§ What is expected
Output every line below exactly, please, omitting pictures.

◆ ◆ ◆ ◆

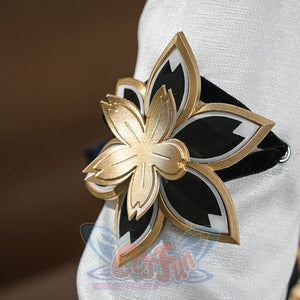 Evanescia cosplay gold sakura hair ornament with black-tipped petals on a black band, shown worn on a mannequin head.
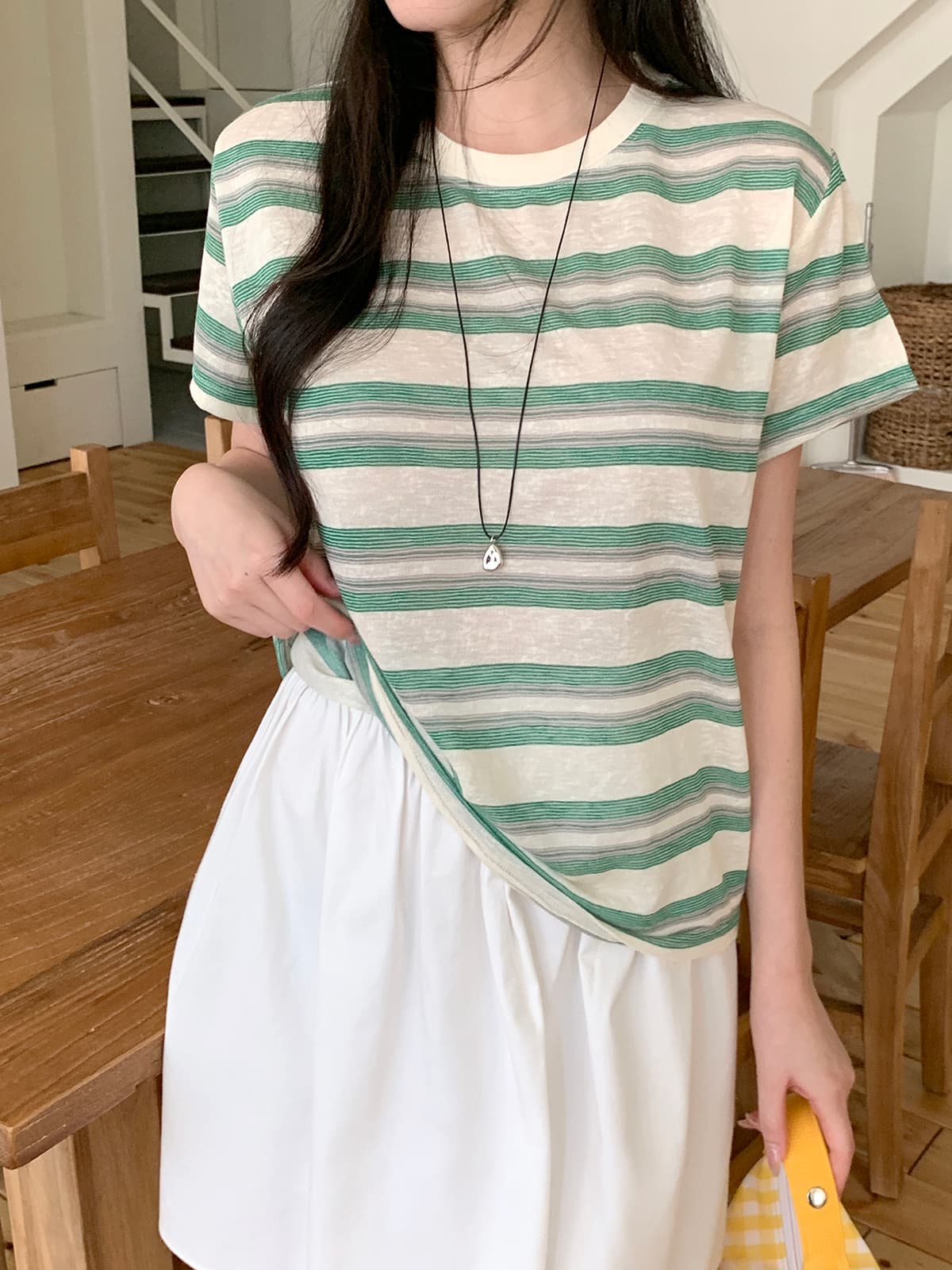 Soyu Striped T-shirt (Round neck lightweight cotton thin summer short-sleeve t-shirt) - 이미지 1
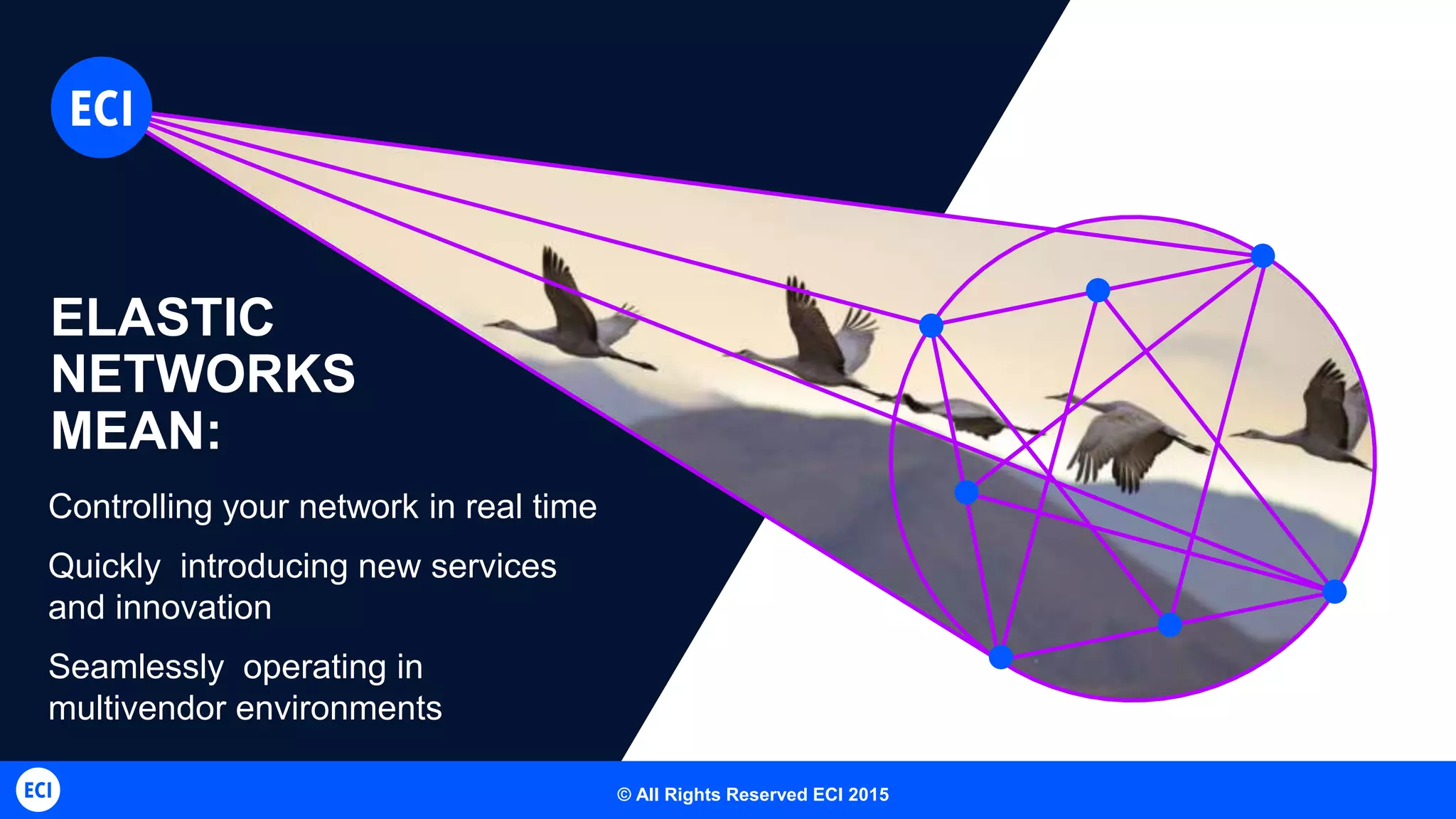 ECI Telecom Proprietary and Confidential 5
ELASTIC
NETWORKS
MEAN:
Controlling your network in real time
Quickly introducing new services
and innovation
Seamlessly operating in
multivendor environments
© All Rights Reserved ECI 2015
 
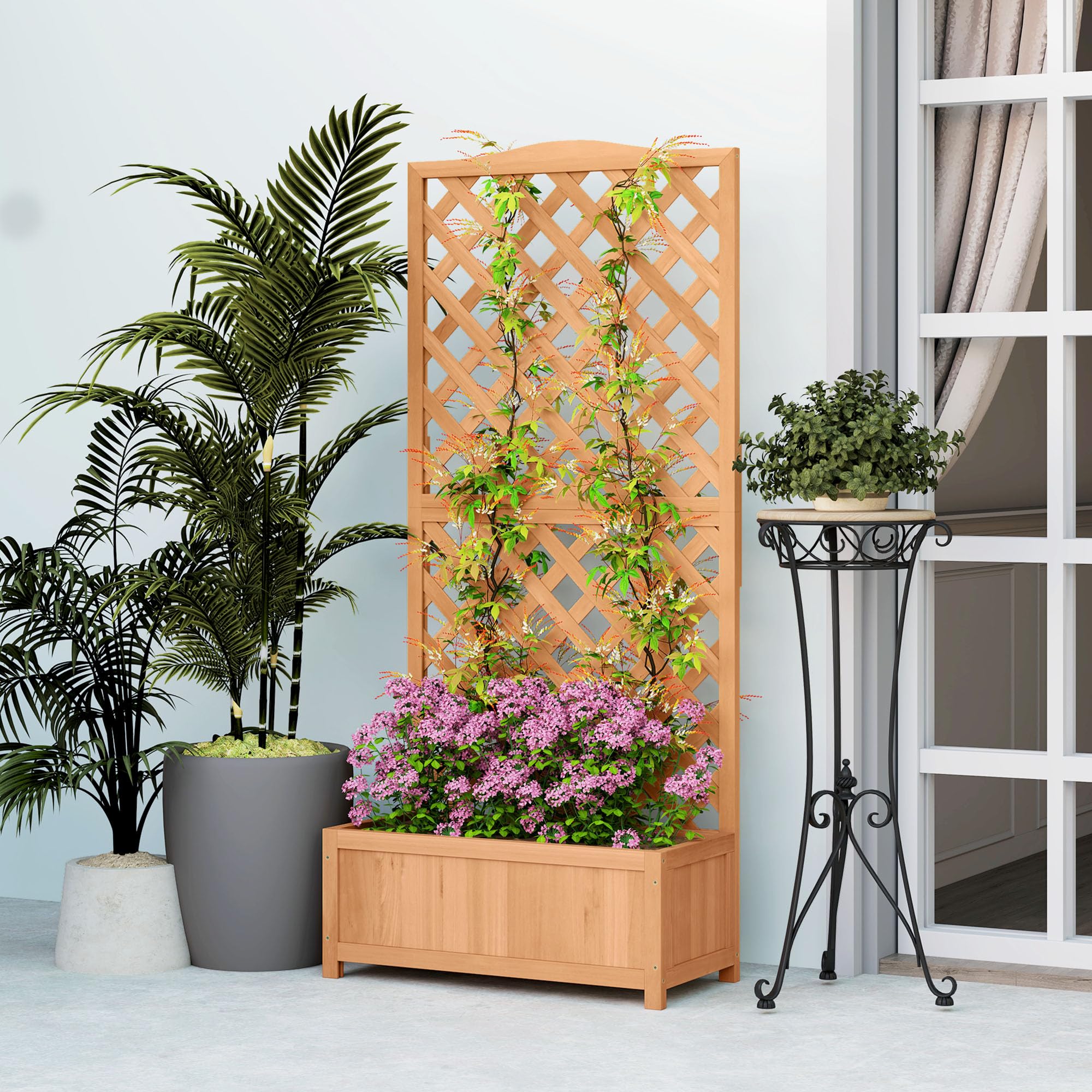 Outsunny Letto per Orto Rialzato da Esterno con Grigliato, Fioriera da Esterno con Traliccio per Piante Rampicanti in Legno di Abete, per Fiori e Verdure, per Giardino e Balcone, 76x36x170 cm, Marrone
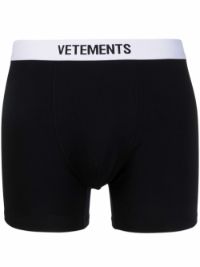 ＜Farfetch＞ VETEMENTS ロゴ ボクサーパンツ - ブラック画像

◆ ◆ ◆ ◆

§ Result below
 Evanescia cosplay gold sakura hair ornament with black-tipped petals on a black band, shown worn on a mannequin head.
 Soyu Striped T-shirt (Round neck lightweight cotton thin summer short-sleeve t-shirt) - 이미지 1
 ECI Telecom Proprietary and Confidential 5
ELASTIC
NETWORKS
MEAN:
Controlling your network in real time
Quickly introducing new services
and innovation
Seamlessly operating in
multivendor environments
© All Rights Reserved ECI 2015
 
 Outsunny Letto per Orto Rialzato da Esterno con Grigliato, Fioriera da Esterno con Traliccio per Piante Rampicanti in Legno di Abete, per Fiori e Verdure, per Giardino e Balcone, 76x36x170 cm, Marrone
 ＜Farfetch＞ VETEMENTS ロゴ ボクサーパンツ - ブラック画像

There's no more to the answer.